Task statement: Print the data below again in full, exactly as it stands, with no images.
──────── Given records ────────
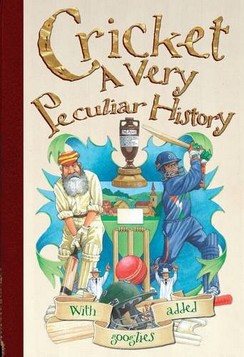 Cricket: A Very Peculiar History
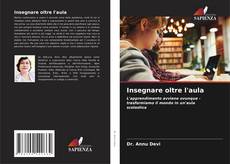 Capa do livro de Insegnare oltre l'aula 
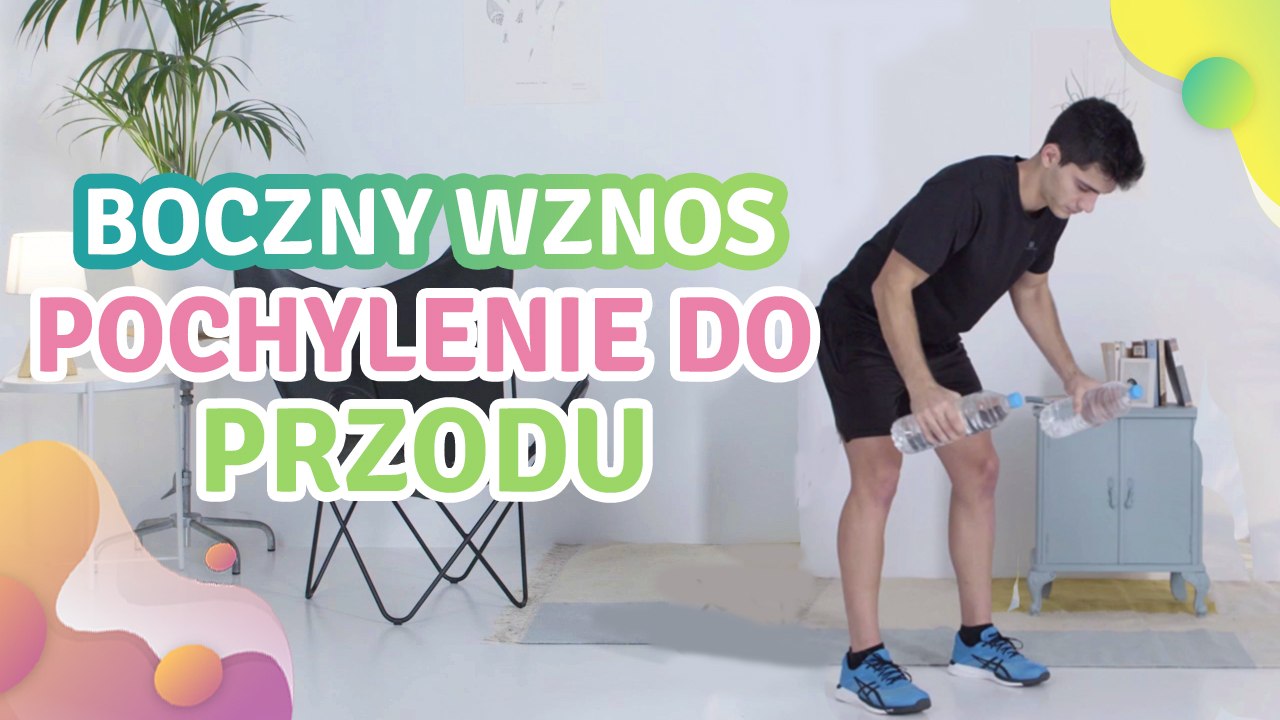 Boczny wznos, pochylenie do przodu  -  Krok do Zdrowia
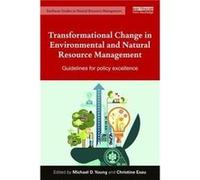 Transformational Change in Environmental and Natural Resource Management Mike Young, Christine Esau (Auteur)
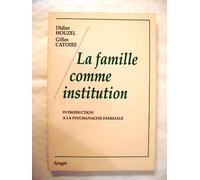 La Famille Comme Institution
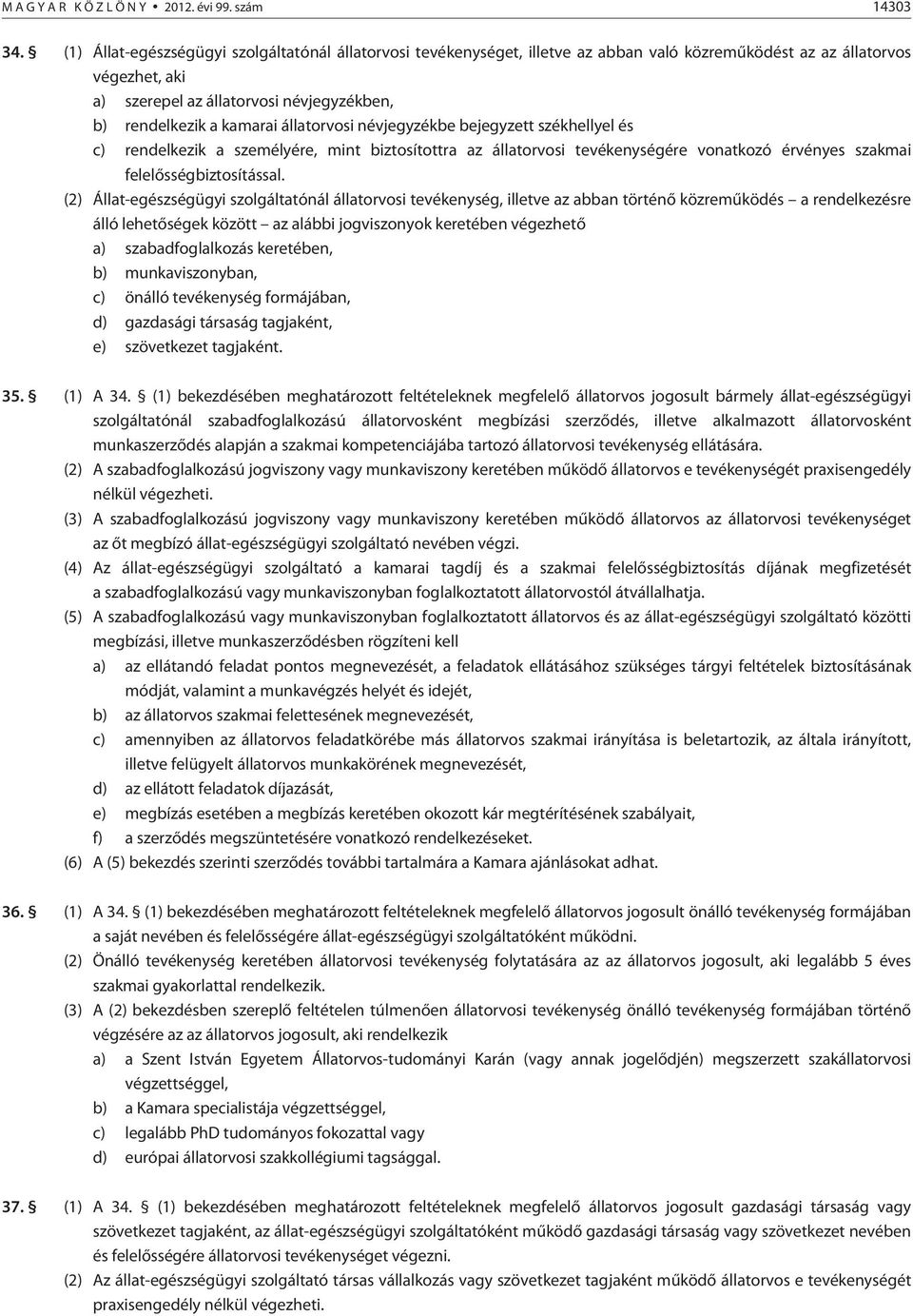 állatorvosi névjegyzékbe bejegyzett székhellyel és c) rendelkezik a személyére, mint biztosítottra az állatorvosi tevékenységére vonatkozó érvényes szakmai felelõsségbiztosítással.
────────
Response box:
 Cricket: A Very Peculiar History
 Capa do livro de Insegnare oltre l'aula 
 Boczny wznos, pochylenie do przodu  -  Krok do Zdrowia
 Transformational Change in Environmental and Natural Resource Management Mike Young, Christine Esau (Auteur)
 La Famille Comme Institution
 állatorvosi névjegyzékbe bejegyzett székhellyel és c) rendelkezik a személyére, mint biztosítottra az állatorvosi tevékenységére vonatkozó érvényes szakmai felelõsségbiztosítással.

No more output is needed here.